Things that almost make me want to switch back to GitHub:

- GitLab is really hard to look at. All of our devs are having trouble visually locating comments in diffs. We're always scrolling through the left-side menu looking for the issues tab. It's hard to visually differentiate between items like comments in merge requests. Our eyes just can't find and follow things. Even BitBucket looks better.

- GitLab-CI has poor documentation on runners, and a rather buggy test runner registration process that doesn't provide any debugging output and produces false positives quite often.

- GitLab-CI has no unconditional cleanup directive, like CircleCI does... but if you're re-using a test runner instead of tearing down the server each time, unconditional cleanup is the one thing you need. And no, the Docker executor doesn't solve this because we don't want to test our Docker containers inside Docker.

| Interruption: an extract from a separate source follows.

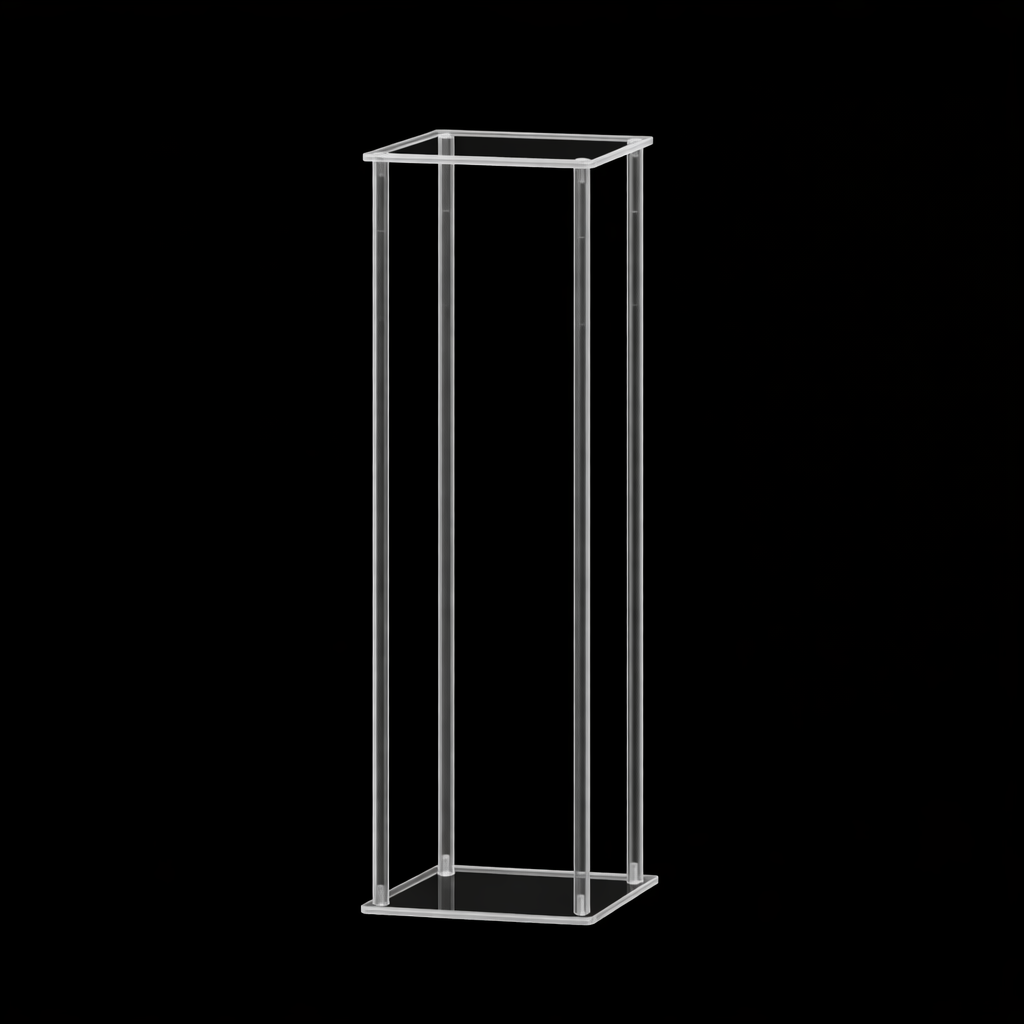 Acrylic Display Pedestal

- CI is based on commit IDs. You can't run particular CI events on merge requests. For example, this means no way to run integration tests on merge requests.

- Typography could be improved. When you're looking at the issues page all day, this is quite noticeable.

- Slack integration is not great; it dumps links to "GitLab Enterprise Edition" instead of useful commit/changeset stuff like GitHub does.

If the community/GitLab can focus on putting on some of the design polish and service integration polish that GitHub has, GitLab would be a total winner for us, long-term.




Thanks for the feedback, we really appreciate it!

The quick reply to your comments is: we're working on almost all of it.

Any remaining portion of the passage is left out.